The Cro::HTTP::Middleware::RequestResponse role requires implementing the process-requests and process-responses methods, which are passed Supply instances containing a stream of requests and responses to process. The process-requests method should return a Supply that, for each request received, will emit either:

• That request object, perhaps after some tweaks. The request object will continue onwards through the pipeline "as normal".

• A Cro::HTTP::Response object, which represents an early response. This will be emitted as if it came after the response part of the middleware (and so will not be seen by process-response).

The process-responses method receives a Supply that will emit responses to be processed. It must emit those responses after processing them.

This role does not implement Cro::Transform, since it actually is a way of declaring a pair of transforms that work together with connection state. It instead does the Cro::HTTP::Middleware::Pair role, described below.

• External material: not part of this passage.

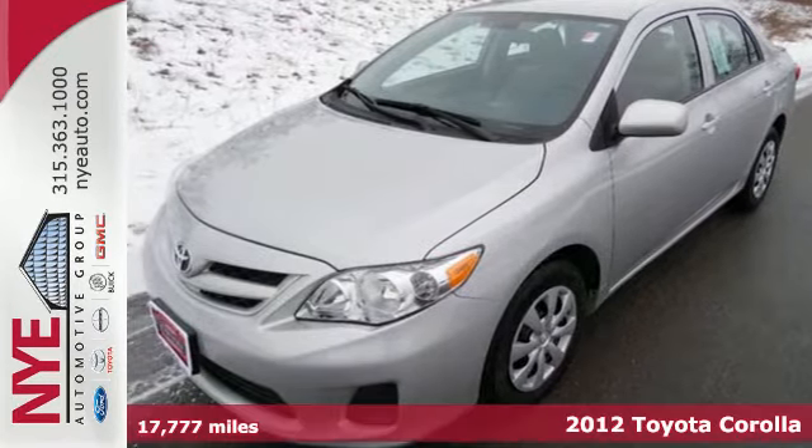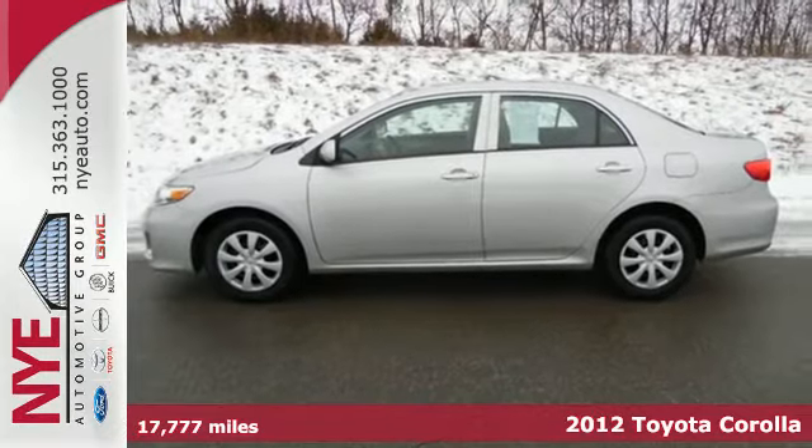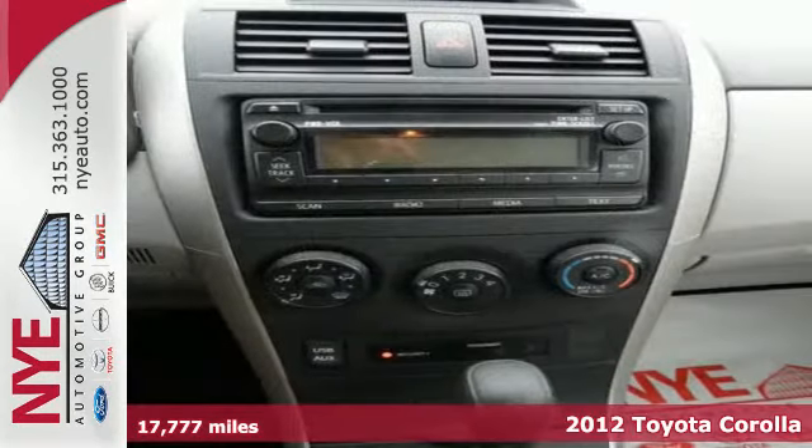Here's a 2012 Toyota Corolla. Affordability comes standard along with air conditioning, a tilt and telescopic steering wheel, and daytime running lights.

Cro::HTTP::Middleware::Pair§

This role represents a pairing of HTTP request and response transforms, such that they can be considered by the user to be a single piece of middleware. This role is recognized and processed specially by:

• Cro::HTTP::Server in the before argument; it extracts the request part and inserts it at the location it is placed within the list of before middleware, and unshifts the response part onto the after middleware. This means any explicitly declared after middleware will process the output of the response middleware, and earlier before middleware will wrap around latter before middleware.

• Cro::HTTP::Router in the before function; it extracts the request part and calls before on it, and then extracts the response part and calls after on it.

The Cro.compose(...) method does not recognize Cro::HTTP::Middleware::Pair but can still be used by calling .request and .response to get the two parts, inserting them at the appropriate point in the pipeline.